La réponse pourrait peut-être se trouver dans une réflexion sur la destination de tout cela, Car au fond, à qui s 'adresse cette obligation d'allégeance-osera t on parler de rituel ?- auquel est soumis le soignant, dans la reconnaissance par l informatique de son travail? On voit que sur un plan de strict efficacité,cet outil est non seulement inutile,mais contre-productif, pour ne pas dire absurde, puisqu'il prend du temps au soignant, et surtout l'oblige à être ailleurs qu'à l'endroit où il est censé être pour exécuter justement sa tâche ( ce qui ,dans notre époque de recherche d'efficience paraît bien étrange..)

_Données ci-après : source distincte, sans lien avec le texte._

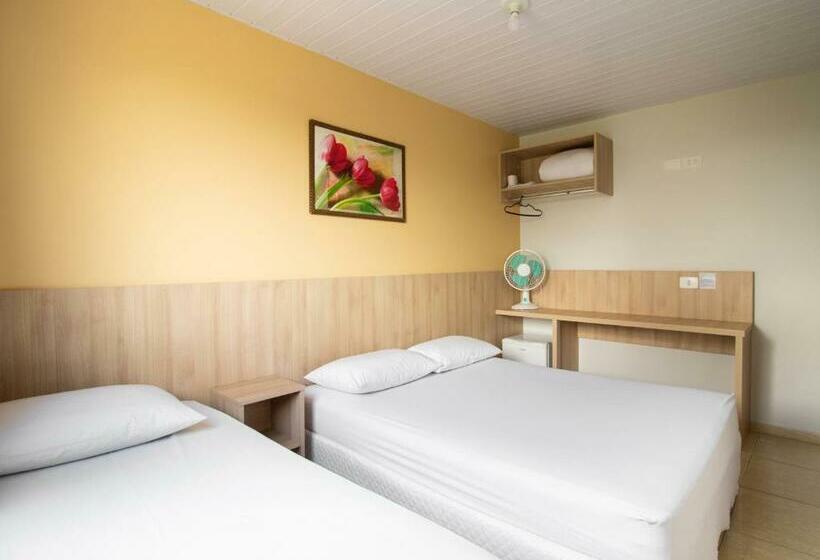 Трехместный Номер Superior, Cabbu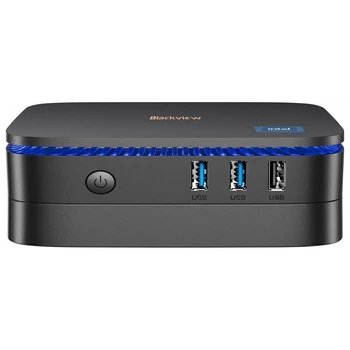 Неттоп Blackview MP60 (6931548311188) ( 26655 )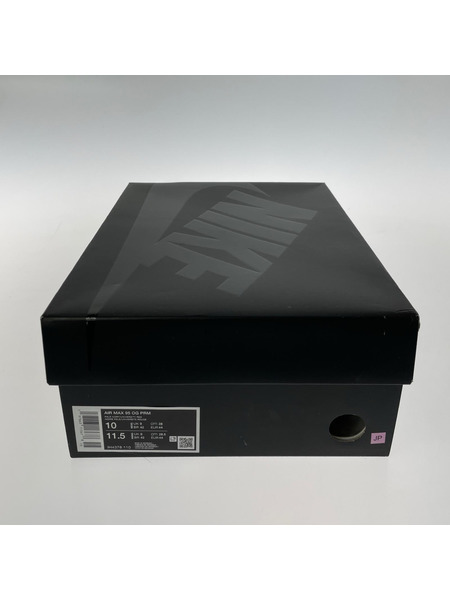 スニーカー AIR MAX 95 BIG BUBBLE IVORY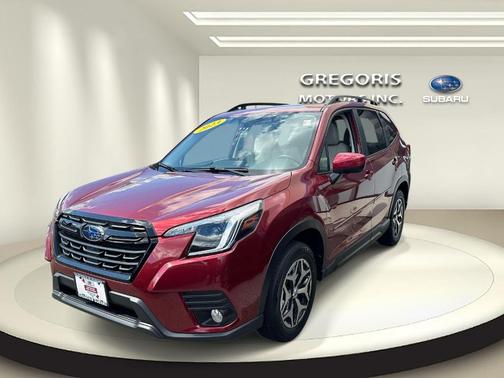 2023 Subaru Forester Premium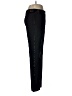 VVB Victoria Beckham Black Wool Pants Size 6 - photo 4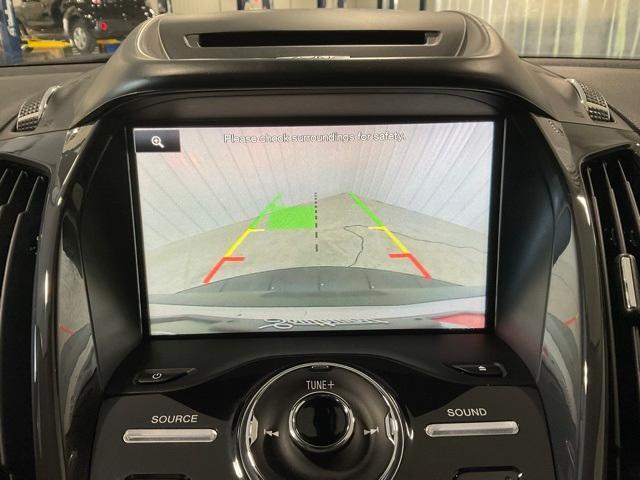 used 2015 Ford Escape car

Dans cette logique comptable ( à savoir que c'est le marquage informatique, et SEULEMENT LUI, qui authentifie les actes de soin -,ou ce que nous sommes «  sommés », sans jeu de mots, de considérer comme tel, puisque tout, n'est il pas,peut être quantifié et objectivé,( y compris le Relationnel ?) - le but ne serait il pas en réalité plus idéologique que pratique, - nous savons, certes, que les établissements de soins ne reçoivent plus leur manne financière qu'en fonction de la quantité d'actes effectués- mais.. peut-être aussi des gages de soumission à cette idéologie nouvelle du tout quantifiable à laquelle il s'agit précisément de se montrer bon élève ..

En quel cas cet intéressant outil trouve alors sa pleine et entière justification: signifier aux instances de contrôle- pardon: d'accréditation-que le formatage idéologique est en bonne voie.. même au prix de l'absurdité.